Tipped from early in his career as the man most likely to end France’s long drought at Paris-Roubaix, Arnaud Démare (FDJ) seemed to lose his way during a lacklustre 2015 campaign. Where better, then, to find his way again than on the dirt roads around Vendôme at the end of a relentless opening road stage of Paris-Nice?
After a day that saw the peloton buffeted by snow and wind, Démare managed to hang tough on a demanding finishing circuit along dirt roads designed very much with Classics contenders in mind. He then reached for the other weapon in his armoury – his rapier finishing sprint – to take the stage win ahead of Ben Swift (Sky) and Nacer Bouhanni (Cofidis).

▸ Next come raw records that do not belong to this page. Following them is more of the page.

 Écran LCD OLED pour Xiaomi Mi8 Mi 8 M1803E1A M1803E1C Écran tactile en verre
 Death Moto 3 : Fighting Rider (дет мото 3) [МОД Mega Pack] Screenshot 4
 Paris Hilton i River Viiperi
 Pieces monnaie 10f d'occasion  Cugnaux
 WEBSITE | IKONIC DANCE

Edward Theuns (Trek-Segafredo) had succeeded in slipping away from a stretched-out peloton on the descent from the final dirt road section, the Chemin du Tertre de la Motte, and he looked a likely stage winner as he led into the finishing straight. Swift opened his sprint from distance, however, and overhauled the Belgian with a shade over 200 metres to go, only for Démare to swoop by him to take an emphatic stage victory.
Démare’s sprint was all the more impressive given how much ground he made up in those final 200 metres. In a sense, it was a trip down memory lane, as the Frenchman overhauled Adrien Petit (Direct Energie) – his lead-out man when he won the under-23 Worlds in Copenhagen in 2011 – and then Bouhanni – his former FDJ teammate and eternal rival – before passing Swift to win the stage.
“This wasn’t a normal sprint and things could have worked out differently because I was badly placed,” Démare said of the confused finale. “I had to launch from sprint from a long way back. I’d decided to stick to Nacer’s wheel because he still had two teammates with him and I was lucky to come around him and then jump Swift at the end.”
Michael Matthews (Orica-GreenEdge) placed fifth in the reduced bunch sprint to retain the yellow jersey of race leader, though one wonders how he might have fared had he not lost teammate Daryl Impey to a puncture in the finale, or if he had not expended so much energy in sprinting to claim two bonus seconds on the first passage through the finish line with 14 kilometres remaining.